*TASK INPUT*.

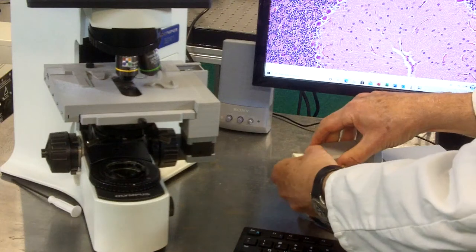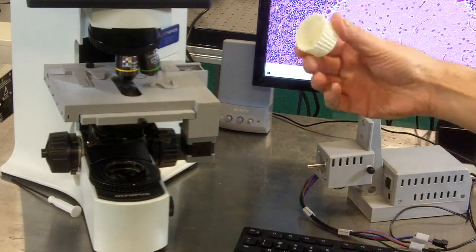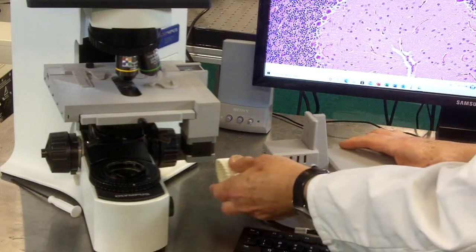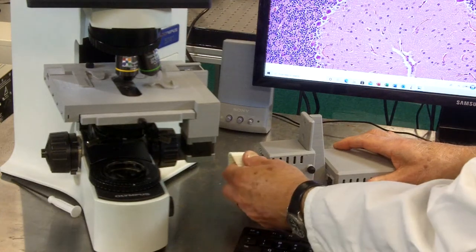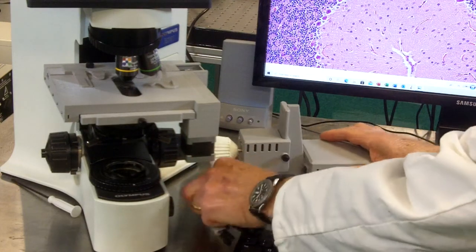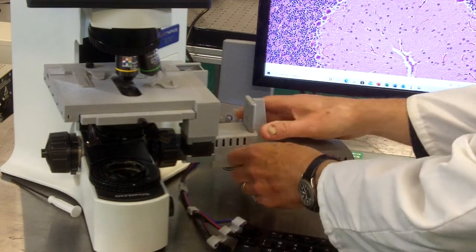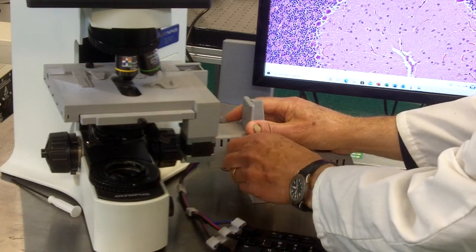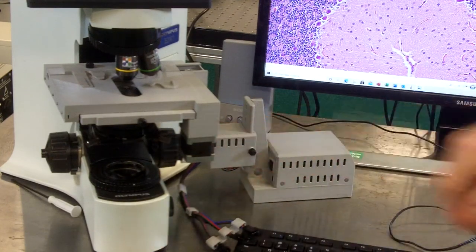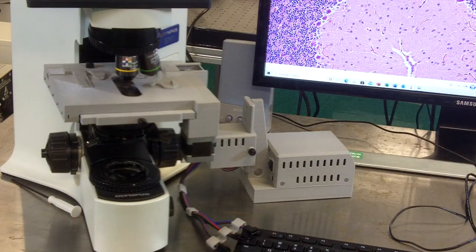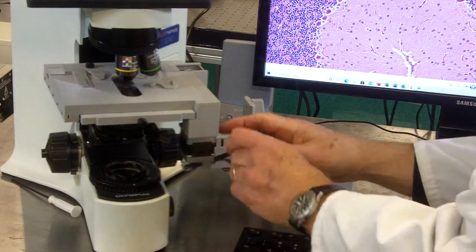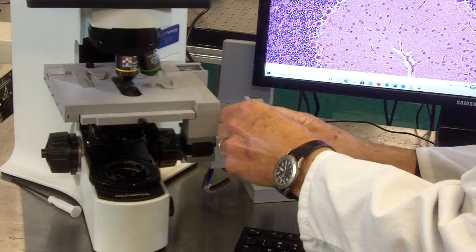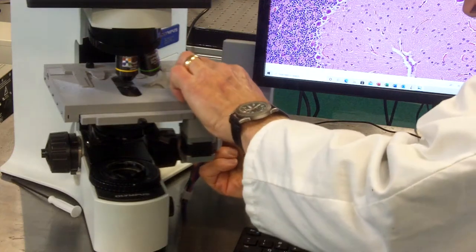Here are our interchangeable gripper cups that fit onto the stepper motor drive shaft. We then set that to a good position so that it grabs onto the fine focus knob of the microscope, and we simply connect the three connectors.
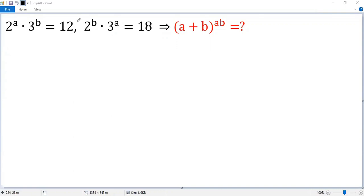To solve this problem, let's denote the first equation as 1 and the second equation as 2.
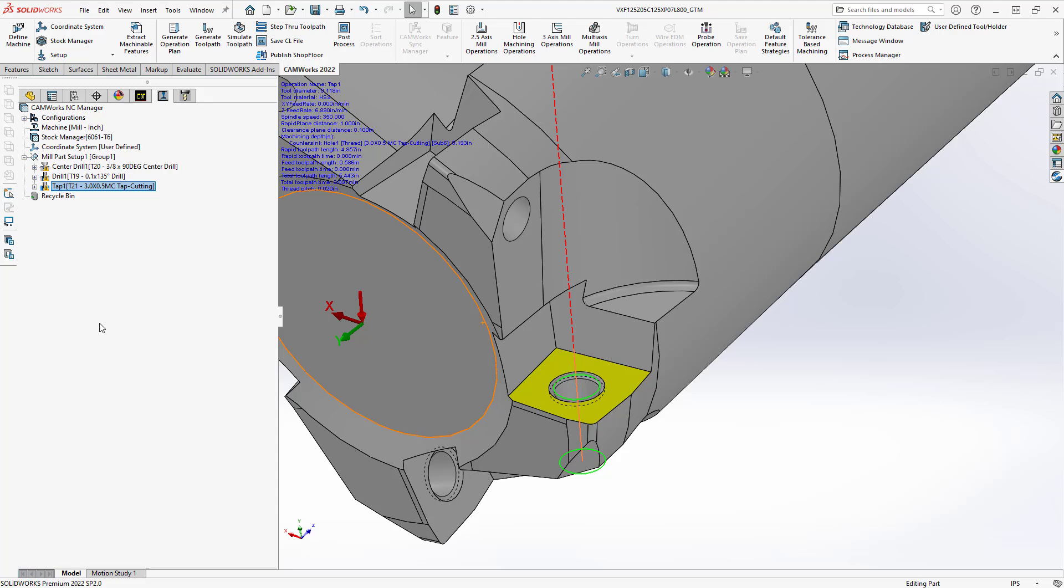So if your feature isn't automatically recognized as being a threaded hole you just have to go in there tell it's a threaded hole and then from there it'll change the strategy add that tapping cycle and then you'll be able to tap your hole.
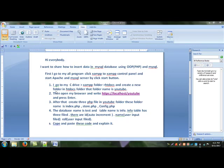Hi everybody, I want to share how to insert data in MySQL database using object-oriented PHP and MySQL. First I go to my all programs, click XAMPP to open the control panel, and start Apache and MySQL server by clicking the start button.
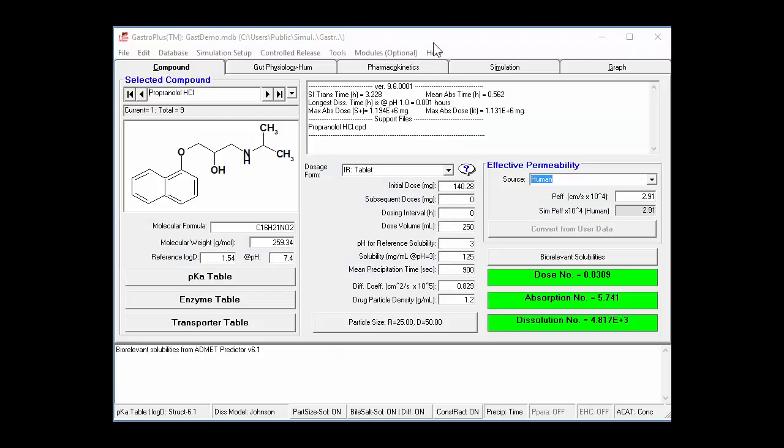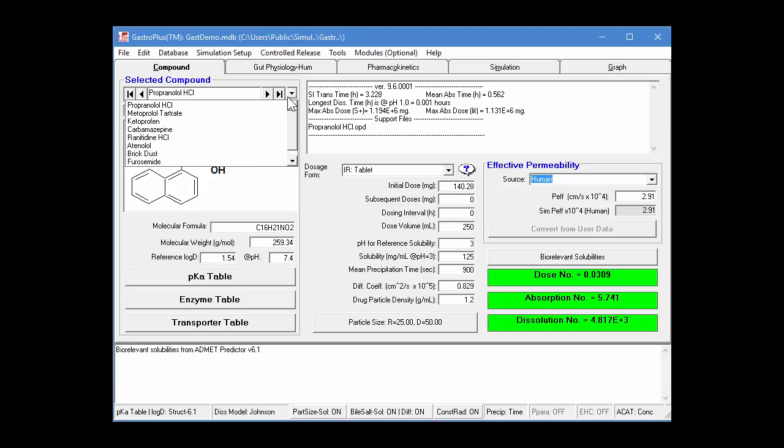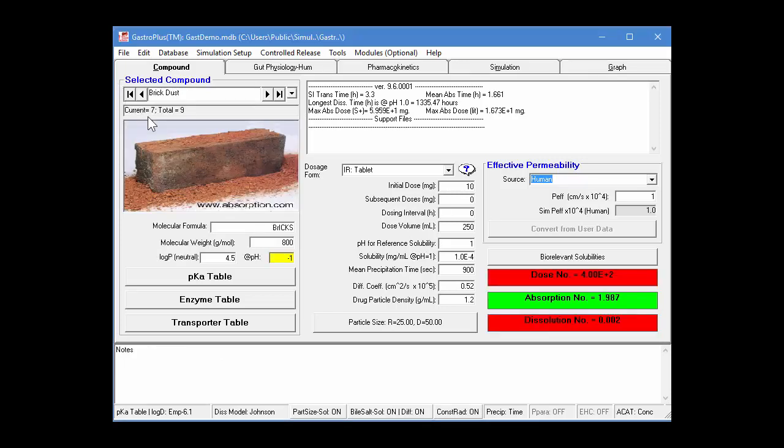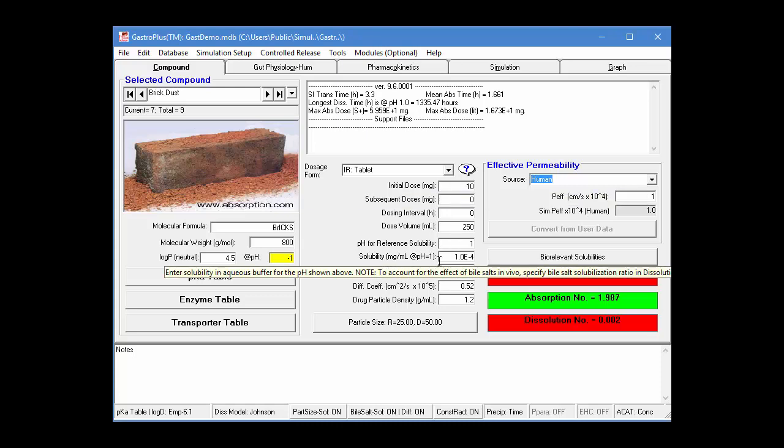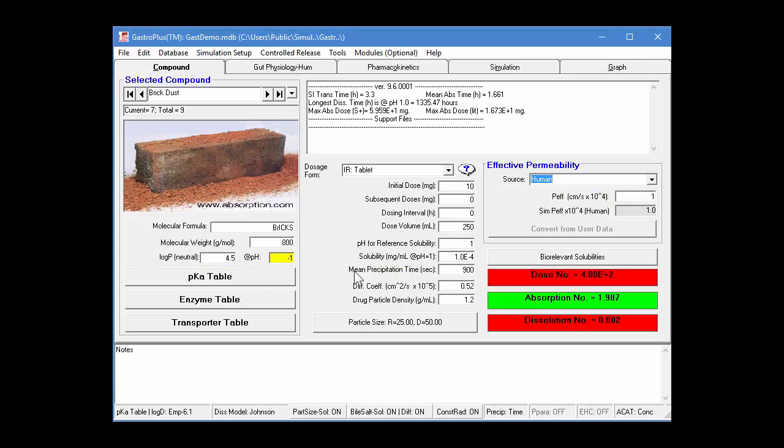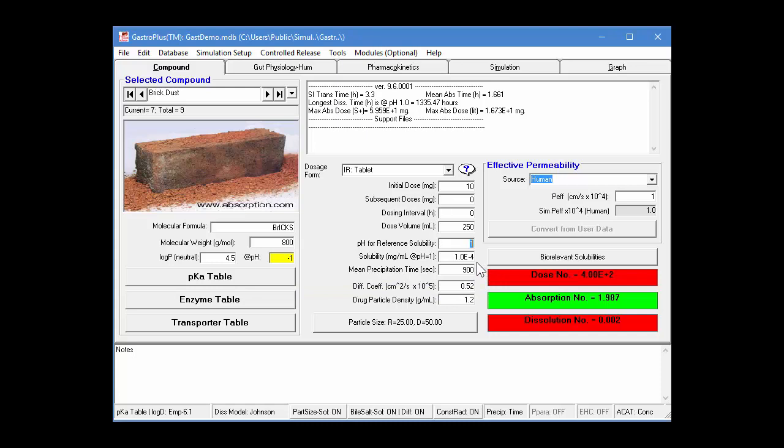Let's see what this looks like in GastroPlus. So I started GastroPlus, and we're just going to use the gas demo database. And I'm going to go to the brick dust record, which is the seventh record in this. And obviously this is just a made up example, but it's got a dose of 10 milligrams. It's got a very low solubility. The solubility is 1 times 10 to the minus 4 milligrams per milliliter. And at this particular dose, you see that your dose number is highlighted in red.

*WHAT IS BEING ASKED*. Repeat, exactly and with no pictures, each line from the line that holds "To solve this" through the last line of the records above.

*SOLUTION FOR THIS EXERCISE*.
To solve this problem, let's denote the first equation as 1 and the second equation as 2.
So if your feature isn't automatically recognized as being a threaded hole you just have to go in there tell it's a threaded hole and then from there it'll change the strategy add that tapping cycle and then you'll be able to tap your hole.
Hi everybody, I want to share how to insert data in MySQL database using object-oriented PHP and MySQL. First I go to my all programs, click XAMPP to open the control panel, and start Apache and MySQL server by clicking the start button.
Let's see what this looks like in GastroPlus. So I started GastroPlus, and we're just going to use the gas demo database. And I'm going to go to the brick dust record, which is the seventh record in this. And obviously this is just a made up example, but it's got a dose of 10 milligrams. It's got a very low solubility. The solubility is 1 times 10 to the minus 4 milligrams per milliliter. And at this particular dose, you see that your dose number is highlighted in red.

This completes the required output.